As you speak about your church, share the benefits. However, if the strategy is presented in an interesting, exciting, and memorable way, larger numbers of prospects are likely to respond to the message or respond more quickly. Interestingly, while what you say is vital, how you say it can prove to be the difference between a successful church outreach campaign and an outstanding one. We can learn a lot from national television commercials on this matter. For example, food commercials often emphasize taste. When an advertisement begins to run, it usually has the strategy of getting viewers’ attention, but after a few days it changes to the idea of taste. The strategy has not changed; the execution has.

 

 

The Big Idea

 

As your team begins to work and dream, keep looking for the big idea that will make this more than just another project by your church. The big idea is usually simple, but it brings realism, an understanding of the community, and an empathy with the target audience.  It makes the promotion jump off the page, off the radio, or out of the letter and into the life of the reader or hearer. The big idea brings the message home in a way that prospects enjoy and believe in, but most of all react to. That is the beauty of a big idea. Churches must learn to use these to their advantage. The big idea is simple and direct. It clearly states the strategy completely. It clearly states the message being delivered. Most important, it empathizes with the audience – the prospects for your church.

 

How Do You Develop the Big Idea?

 

In developing the big idea, there is no advantage in trying to be extraordinarily complex. Controlled creativity is the key. But how do you come up with the big ideas? How do you come up with great ideas that will turn a sound strategy into a successful promotion campaign? Big ideas are the result of what I call ideation. Ideation is the development of ideas. But how do you do this? How can a pastor and staff learn to generate ideas and come up with new and exciting concepts that will grab the attention of the audience and literally drive the message home in an interesting and effective way? Are you capable of doing this? Yes. A new idea is nothing more or less than a new combination of old elements. At least five steps help in developing ideas. They are:

 

1.      Gather the raw material. These are the specific and general ideas that help you form concepts down the road. It is brainstorming.
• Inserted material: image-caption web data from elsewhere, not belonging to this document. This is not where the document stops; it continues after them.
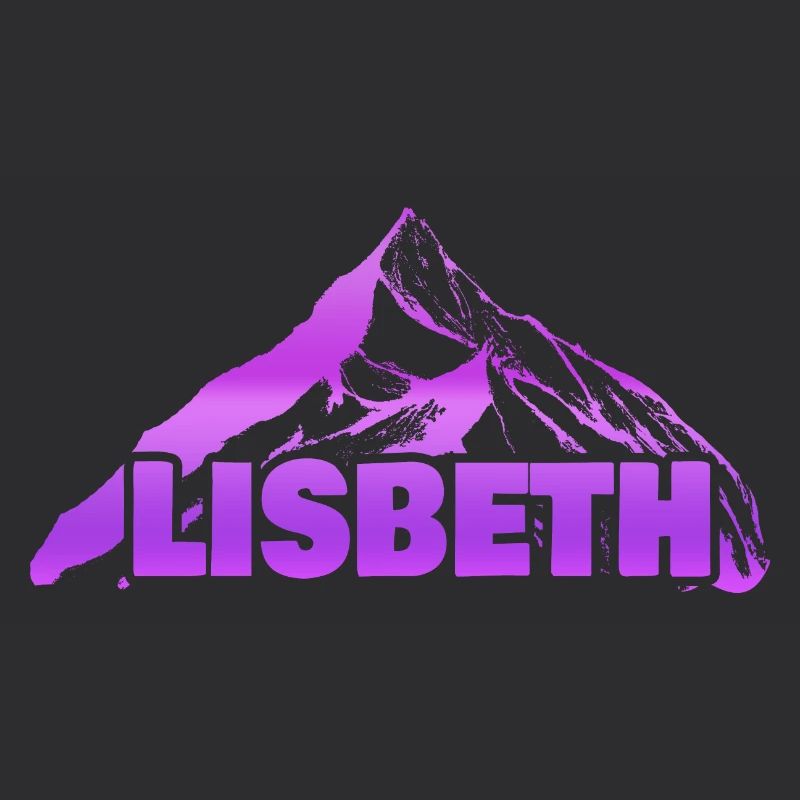 Mount Lisbeth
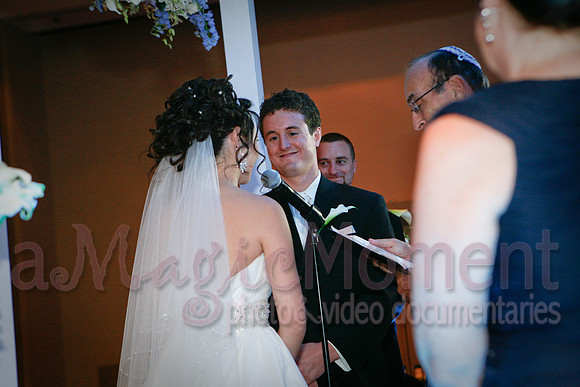 Wedding photography and video by A Magic Moment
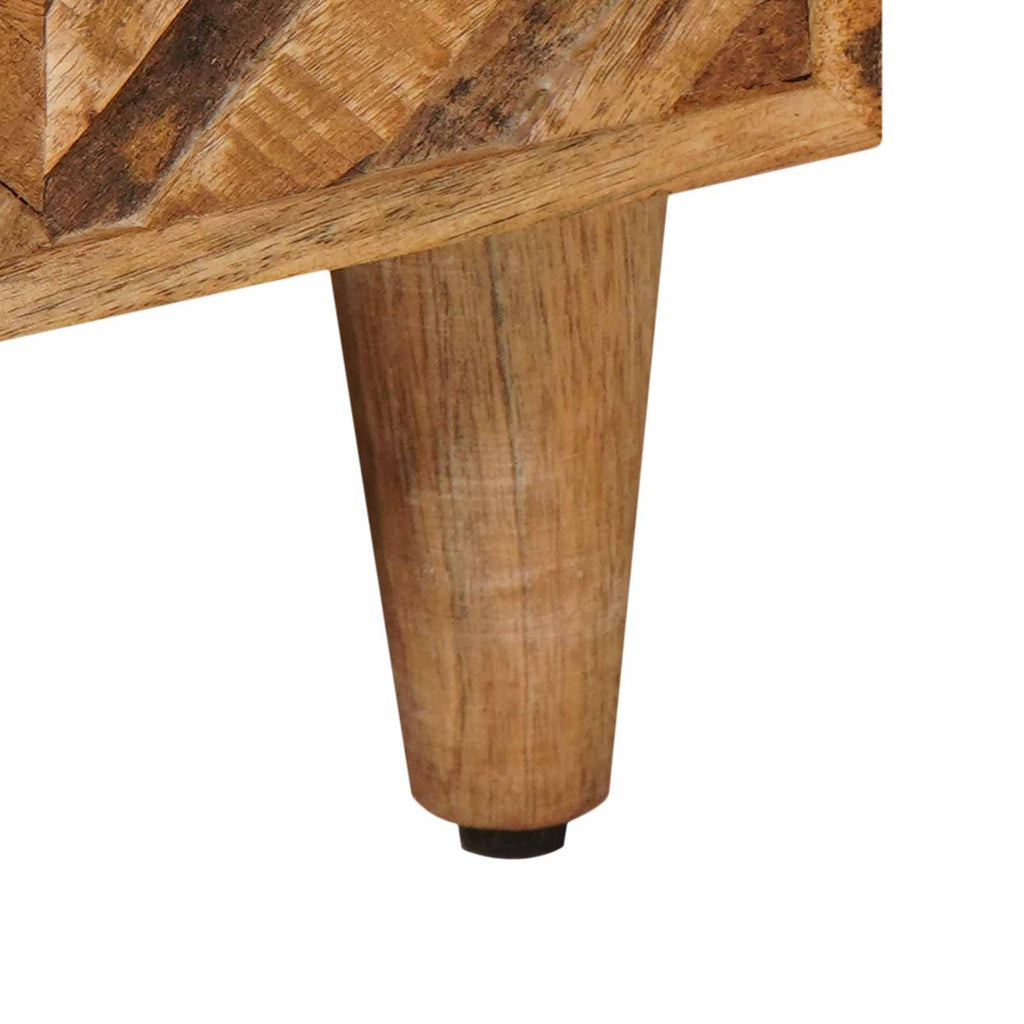 Armarios de Almacenamiento con cajón Marrón 70 x 33,5 x 46 cm
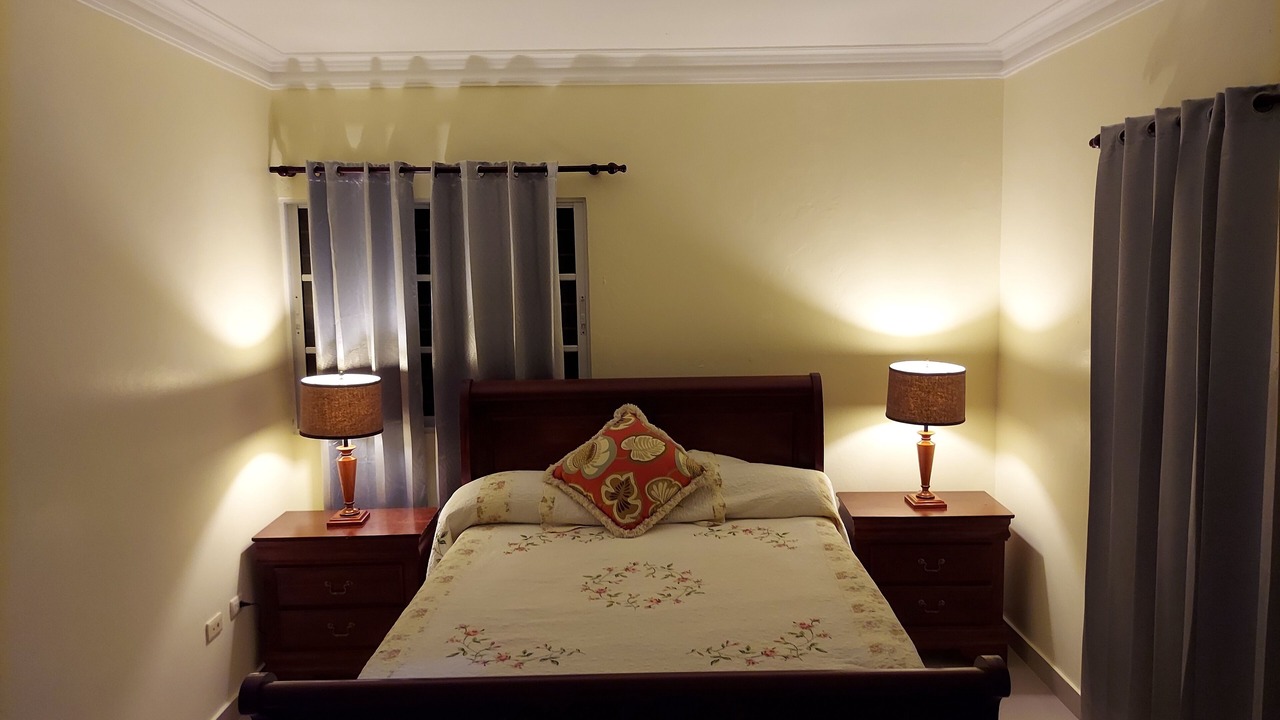 Photo of Bedroom in Cotui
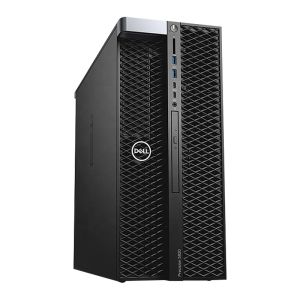 D-ell Workstation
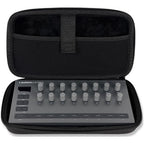 Analog Cases Glide Case for Novation Launch Control 3, hero with launch control 3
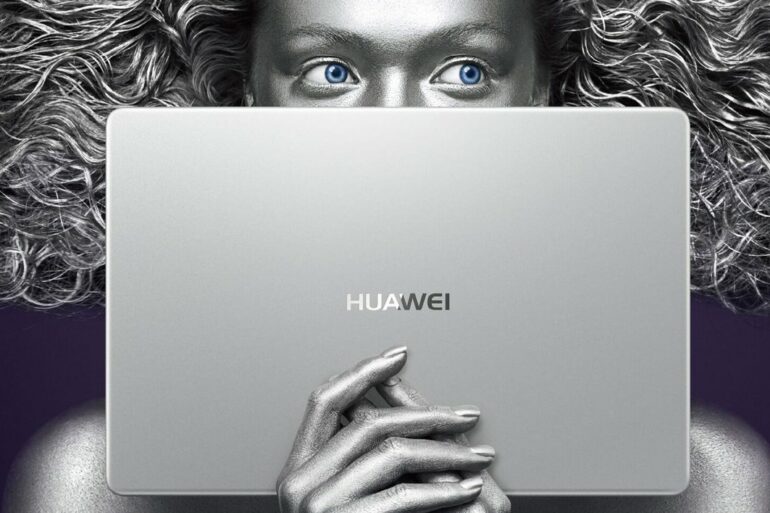 Huawei MateBook D 2018 3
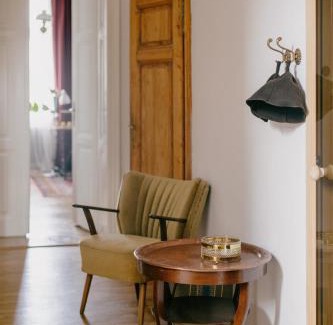 Cieszyn Apartment | 4ry pokoje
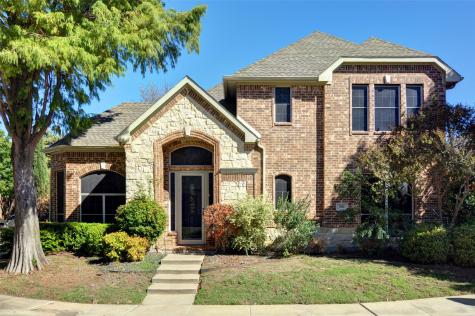 692 Channel Ridge Drive Rockwall TX 75087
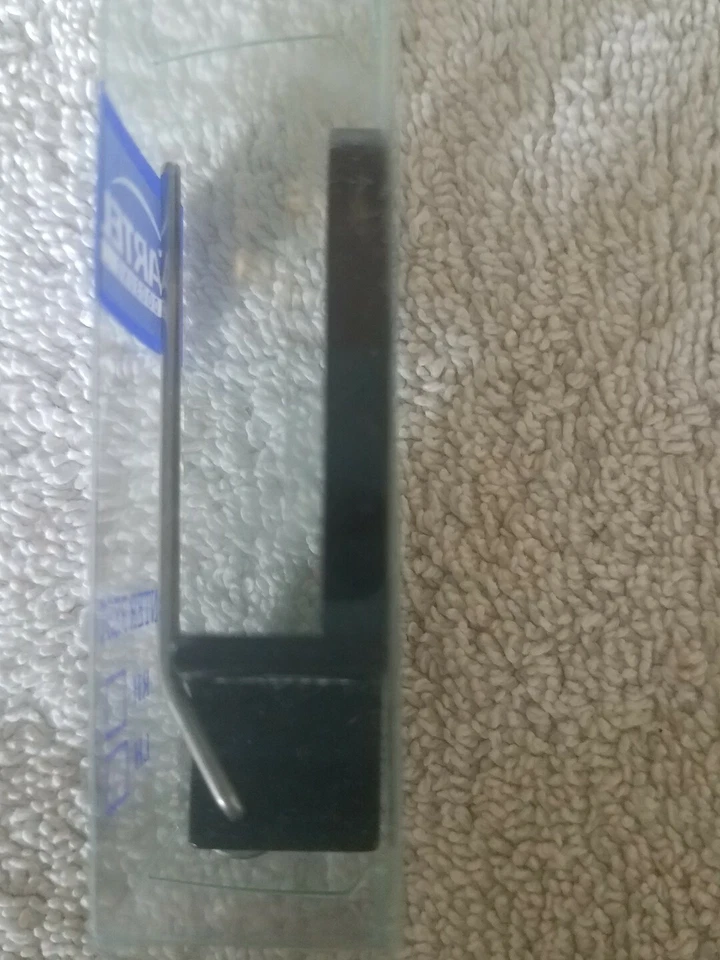 Cartel Doosung Hunter Rest-NUEVO-SE ENVÍA EL MISMO DÍA HÁBIL Foto 2 de 4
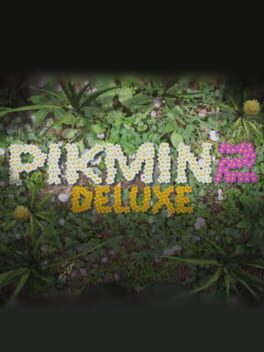 Pikmin 2 Deluxe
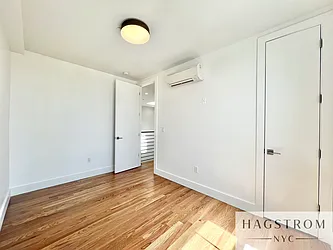 Rented by Hagstrom Management Inc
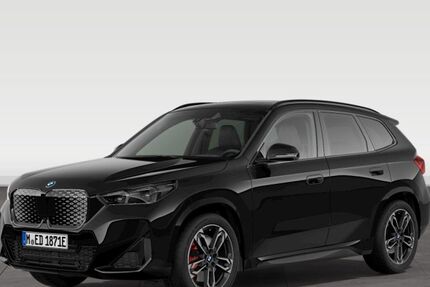 BMW iX1 4.990 km 52.990 &euro; Euskirchen 53879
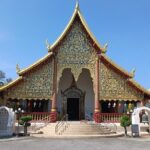 Chiang Mai City Private Tour - What’s Included and What to Keep in Mind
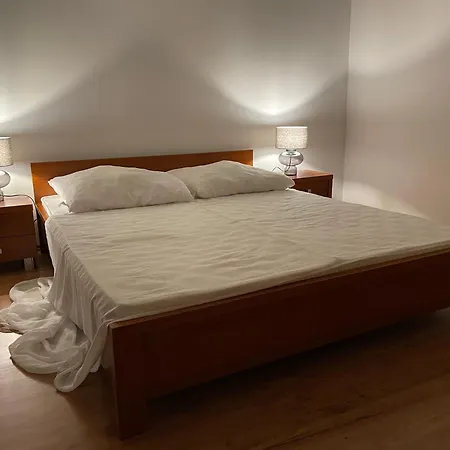 Liptov Apartment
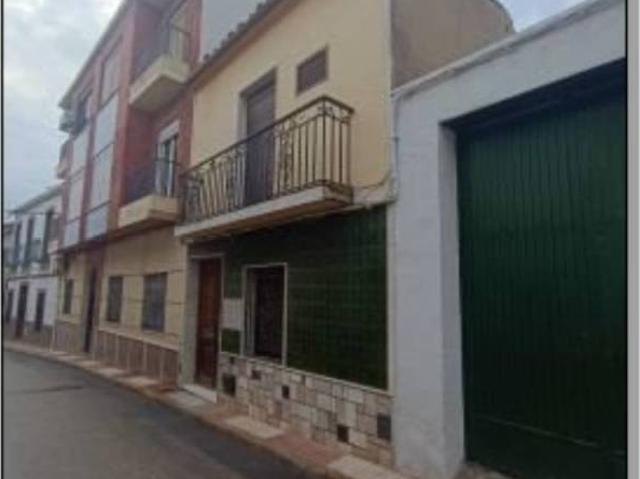Casa en Venta en Bailén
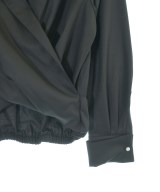 esteta（エステータ）ブラウス 黒 サイズ:4(XL位) レディース/2200629274044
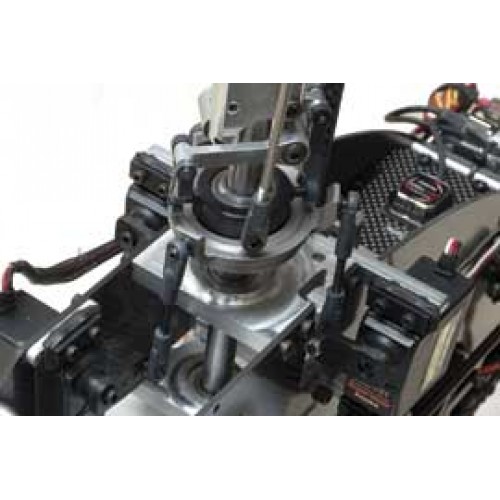 Whiplash-N II Nitro V2 - Kit - 9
2.      Work the ideas over in your mind. If you do not digest these ideas, they will never help you form a big idea.

3.      Maintain an incubation stage. During this stage, carry your ideas around. Do not look at them. When the timing is right, the ideas will be with you so that you can work on them. Until that time, they are out of your mind, and your unconscious mind does the work.

4.      Birth the idea. At the time you least expect it, a tremendous idea will jump out of your mind. You must be ready. The first time an advertising idea jumps out, it might scare you. You may not be sure it will work or where it came from. Simply make it a matter of prayer and faith, acting in accordance to God’s will. This is the exciting part of the process, but it is not the final part.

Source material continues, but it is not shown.